Polymer Electrolyte Membrane Fuel Cell (PEMFC) is a power generation system to convert chemical energy of fuels and oxidants to electricity directly by electrochemical reactions. As a catalyst support for PEMFCs, carbon black has been generally used due to its large surface area and high electrical conductivity. However, under certain circumstances (start up/shut down, fuel starvation, ice formation etc.), carbon supports are subjected to serve corrosion in the presence of water. Therefore, it would be desirable to switch carbon supports to corrosion-resistive support materials such as metal oxide. $TiO_2$ has been attractive as a support with its stability in fuel cell operation atmosphere, low cost, commercial availability, and the ease to control size and structure. However, low electrical conductivity of $TiO_2$ still inhibits its application to catalyst support for PEMFCs. In this paper, to explore feasibility of $TiO_2$ as a catalyst support for PEMFCs, $TiO_2$ nanofibers were synthesized by electrospinning and calcinated at 600, 700, 800 and $900^{\circ}C$. Effects of calcination temperature on crystal structure and electrical conductivity of electrospun $TiO_2$ nanofibers were examined.
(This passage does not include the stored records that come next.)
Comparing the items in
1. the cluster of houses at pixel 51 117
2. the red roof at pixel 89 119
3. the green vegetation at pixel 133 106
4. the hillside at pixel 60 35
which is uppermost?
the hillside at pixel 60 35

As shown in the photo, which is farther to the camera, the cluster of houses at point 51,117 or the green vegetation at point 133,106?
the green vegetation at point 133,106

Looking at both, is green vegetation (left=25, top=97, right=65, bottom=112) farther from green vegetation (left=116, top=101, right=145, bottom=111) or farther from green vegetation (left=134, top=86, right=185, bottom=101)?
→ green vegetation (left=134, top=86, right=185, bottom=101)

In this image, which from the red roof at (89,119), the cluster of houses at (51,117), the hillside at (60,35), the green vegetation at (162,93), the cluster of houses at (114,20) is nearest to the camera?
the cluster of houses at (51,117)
Electrical conductivity of $TiO_2$ nanofibers increased significantly with increasing calcination temperature from $600^{\circ}C$ to $700^{\circ}C$ and then increased gradually with increasing the calcination temperature from $700^{\circ}C$ to $900^{\circ}C$. It was revealed that the remarkable increase in electrical conductivity could be attributed to phase transition of $TiO_2$ nanofibers from anatase to rutile at the temperature range from $600^{\circ}C$ to $700^{\circ}C$.

• Polymer(Korea)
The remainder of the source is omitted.